8. Revise the benefits of overtraining in spells with respect to casting strength. With the current system, a Rift-age tripler can have a CS approximately 100 greater than a like-level doubler. As players get even older, the variance gets even more out of hand. With such huge disparities between like-level casters, it is extremely difficult to design challenges for both. Either the doubler is challenged and the tripler has a cake-walk, or the tripler is challenged and the doubler has an exercise in futility. The intent is to reduce the CS bonus given for overtraining in spells, but still have a bonus. We want tripling to be a viable path, not a supreme path. This will be accompanied by a reduction in older creature TDs, along with the modifications described below.
9. Obtain consistency between warding spell results. The current disparity between the results of various warding failure thresholds between spells within the same circle presents significant problems. We currently have many "all or nothing" spells. These spells have virtually no effect until a specified threshold is achieved (whether it's a 101 warding failure or a 150 warding failure), at which point they have devastating effect. Spells like these drive the spell tanking mentality (or high TD for creatures), which results in a virtual negation of those same-circle spells that are not similarly powered. The objective is to achieve more consistency in what various success levels mean, therefore allowing game designers to better estimate what creature and player targets will face. This will allow us to adjust TDs to give spellcasters the ability to effectively use a wider range of their spells.
10. Assess the rate of increase of wizard bolt AS. Once a wizard has maximized the benefit from 425, his AS will only increase at 2 points per level. Because of this, there is only a small difference between high level casters ten, or even fifteen to twenty, levels apart. The creature hit point, critical resistance, and DS modifications will enable us to better assess what may need modified here. This may include modifications to bolt damage factors, implementing more spells, and/or modifying existing spells.
11. Institute maneuvers for squares. This entails special combat maneuvers that physical characters will be able to use in combat, further defining these professions. Possible maneuvers might include a shield bash, a mighty blow, a quick strike, jabs, etc.
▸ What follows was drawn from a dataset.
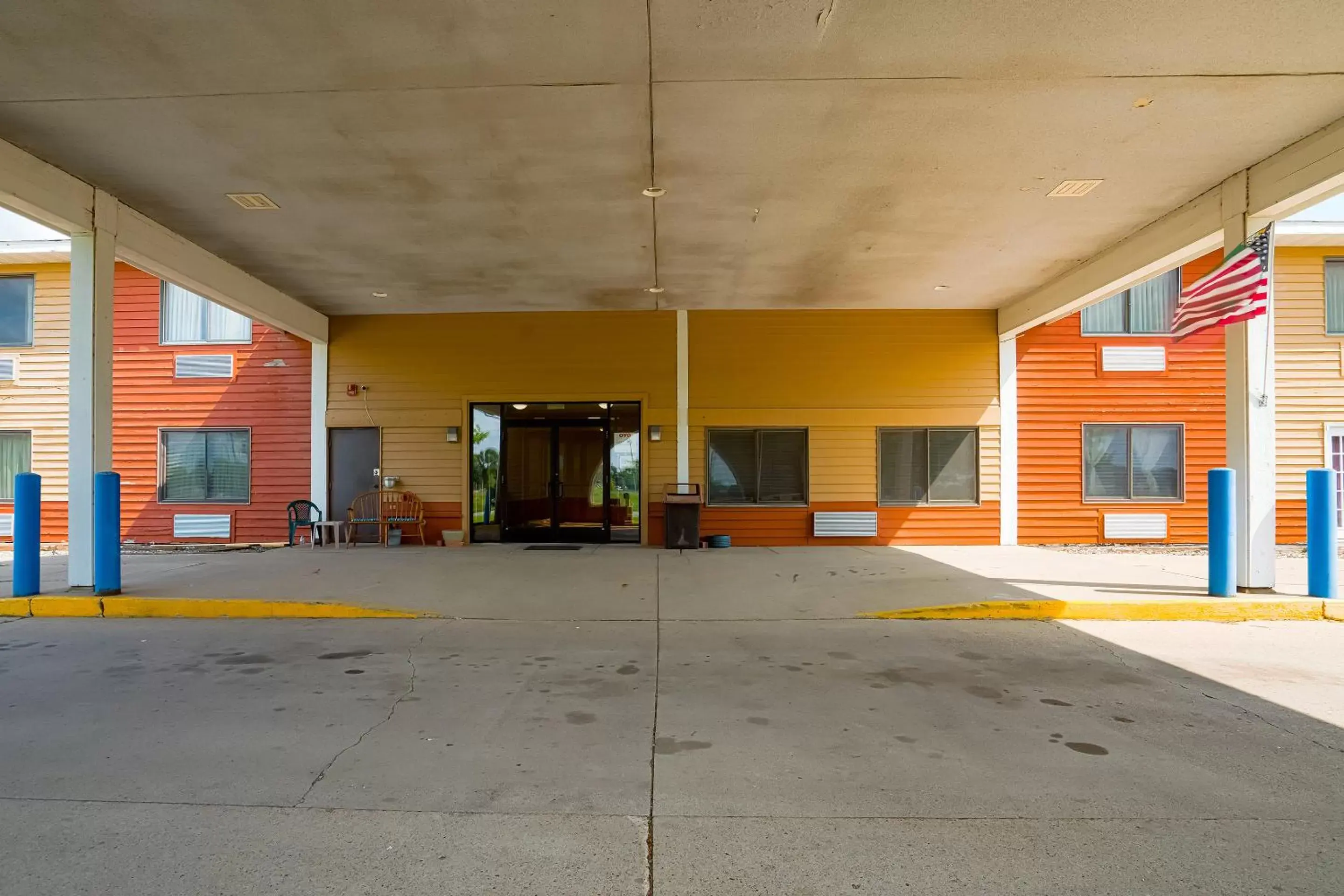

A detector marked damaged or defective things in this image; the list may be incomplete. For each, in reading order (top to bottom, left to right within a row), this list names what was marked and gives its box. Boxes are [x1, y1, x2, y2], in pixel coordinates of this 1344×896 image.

crack in concrete [295, 627, 431, 810]
crack in concrete [1053, 623, 1344, 754]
12. Improve brawling, including modifications to Voln Fu to allow it to be a viable and effective combat style at higher levels, and potentially the implementation of other, non-society-related combat styles.
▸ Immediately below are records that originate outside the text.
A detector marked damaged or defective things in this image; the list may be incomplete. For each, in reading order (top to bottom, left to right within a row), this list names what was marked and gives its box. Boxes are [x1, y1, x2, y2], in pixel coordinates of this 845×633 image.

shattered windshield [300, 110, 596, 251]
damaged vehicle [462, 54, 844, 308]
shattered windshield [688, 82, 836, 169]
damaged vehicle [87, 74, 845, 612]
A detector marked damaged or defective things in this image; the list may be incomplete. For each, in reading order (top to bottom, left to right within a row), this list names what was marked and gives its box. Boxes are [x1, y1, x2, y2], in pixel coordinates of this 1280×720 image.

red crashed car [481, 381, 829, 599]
As a caveat, these areas of discussion may not be implemented exactly as discussed here. As we make modifications to the game, we will assess the impact of those modifications and determine if the following modifications are still necessary, and to what degree. In addition, other areas not mentioned here may arise that will have higher priority. This synopsis should give you a good general idea of the overall goals of the development team in the areas of combat, creatures, magic, and professional changes.